Assignment> Word for word, copy the data that follows and skip its pictures.

Material provided>

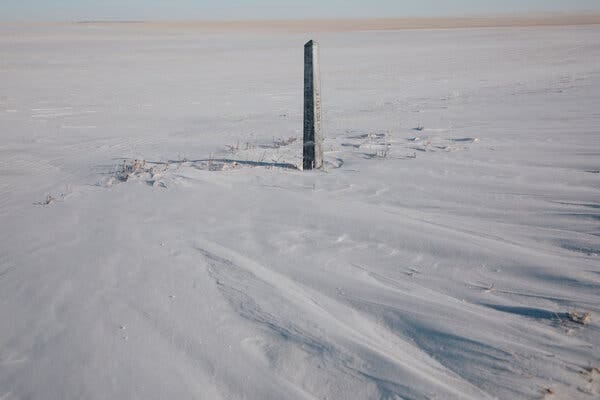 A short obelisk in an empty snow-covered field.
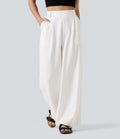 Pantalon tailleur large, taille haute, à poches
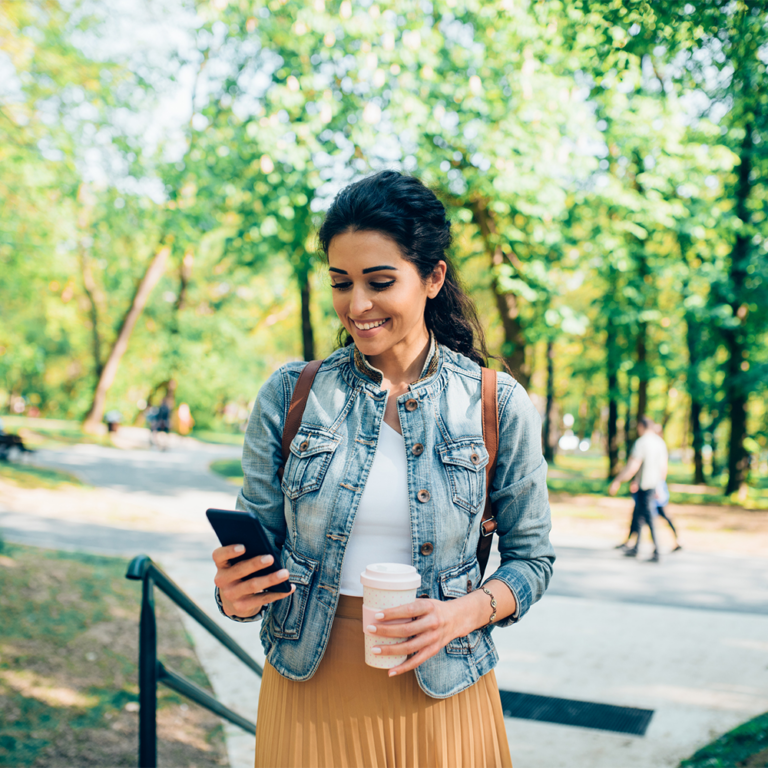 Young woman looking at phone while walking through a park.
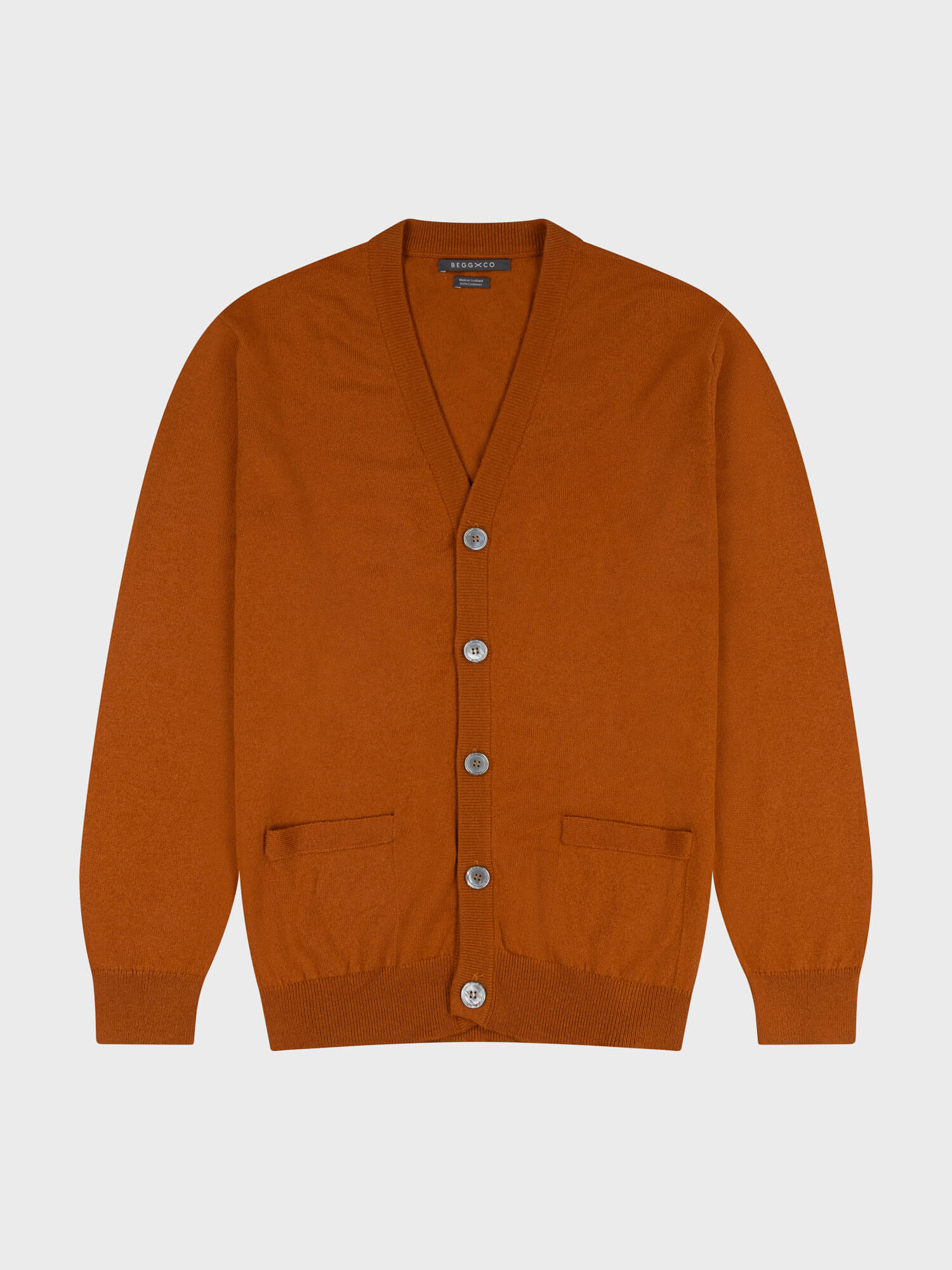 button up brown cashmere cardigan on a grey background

Solution below>
 A short obelisk in an empty snow-covered field.
 Pantalon tailleur large, taille haute, à poches
 Young woman looking at phone while walking through a park.
 button up brown cashmere cardigan on a grey background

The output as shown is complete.